The probability of a student speaking spanish is $30\%$. If we select $3$, what are the chances of at least one of them speaking Spanish?

Question

In a school the probability of a student speaking Spanish is $30\%$. If we select $3$ random students, what are the chances of at least one of them speaking Spanish?

So, I saw this question and tried to solve it, seemed like an easy question but I was wrong and still not sure why.

Apparently the correct answer is $65.7\%$ ($100\% - 70\% \cdot 70\% \cdot 70\%$)

My first attempt at solving I figured $90\% = 3 \cdot 30\%$ (I just need $1$ student to know spanish, and I have $3$ "chances").
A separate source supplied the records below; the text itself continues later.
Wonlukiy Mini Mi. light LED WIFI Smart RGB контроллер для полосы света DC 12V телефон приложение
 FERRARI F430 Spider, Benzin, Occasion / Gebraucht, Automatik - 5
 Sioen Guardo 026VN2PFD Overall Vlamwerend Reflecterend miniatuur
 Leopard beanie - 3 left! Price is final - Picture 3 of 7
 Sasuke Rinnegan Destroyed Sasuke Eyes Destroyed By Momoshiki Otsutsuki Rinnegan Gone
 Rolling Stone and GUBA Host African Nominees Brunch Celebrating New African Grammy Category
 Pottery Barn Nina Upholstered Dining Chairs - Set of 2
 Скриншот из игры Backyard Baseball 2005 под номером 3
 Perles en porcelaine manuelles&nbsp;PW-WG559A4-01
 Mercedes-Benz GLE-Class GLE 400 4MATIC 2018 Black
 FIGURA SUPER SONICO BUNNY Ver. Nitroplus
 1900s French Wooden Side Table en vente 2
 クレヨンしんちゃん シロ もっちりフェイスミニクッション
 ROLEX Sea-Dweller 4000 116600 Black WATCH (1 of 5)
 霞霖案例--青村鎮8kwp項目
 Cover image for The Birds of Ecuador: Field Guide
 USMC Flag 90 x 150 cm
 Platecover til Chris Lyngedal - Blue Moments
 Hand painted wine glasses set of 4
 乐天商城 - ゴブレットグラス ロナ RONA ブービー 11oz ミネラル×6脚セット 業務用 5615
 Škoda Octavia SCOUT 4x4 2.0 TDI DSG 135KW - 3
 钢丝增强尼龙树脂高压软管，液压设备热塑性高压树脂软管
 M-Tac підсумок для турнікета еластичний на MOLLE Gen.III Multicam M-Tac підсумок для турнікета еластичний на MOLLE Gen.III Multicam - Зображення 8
What is the corrent approach for this?

I created this question but for some reason it created in a non-registered account, sorry for the duplicate.

Also, I used the word odds, but I meant probability, english is not my first language and the question was written in portuguese. Sorry for confusion

Answer 1

Calculate $1$ minus the probability of the complementary event:

• The probability that a student speaks Spanish is $0.3$
• The probability that a student does not speak Spanish is $1-0.3$
• The probability that all $3$ students do not speak Spanish is $(1-0.3)^3$
• The probability that not all $3$ students do not speak Spanish is $1-(1-0.3)^3$

Answer 2

The complementary event of $A = $"at least one student speaks Spanish" is that $\bar A =$None (of the three) speaks Spanish. To calculate the chance that no student speaks Spanish, it has to be the case that the three students do not speak Spanish which is $(1-.3)\times (1-.3)\times (1-.3)$ . Hence, $$P(A) = 1-P(\bar A) = 1-(1-.3)^3 = 0.657$$

The reason your answer is wrong is because you (almost) calculated the chance of the event "exactly one student speaks Spanish" not "at least on speaks Spanish". To calculate the chance that exactly one student speaks Spanish, first you need to count the ways there are that one of the three speaks it and there are $\binom{3}{1} = 3$ ways. The other two do not speak it. Hence, there is a $$\binom{3}{1}(.30)^1(1-.3)^2 = 0.63$$ chance that exactly one speaks it. Similarly, you can calculate the chance of getting 2 or 3.

The event "at least one" is the same as 1 or 2 or 3 speaks Spanish. Since the events are disjoint, you can add up the probabilities and so , $$P(A) = \sum_{k = 1}^3\binom{3}{k}(.3)^k(1-.3)^{3-k} = 0.657.$$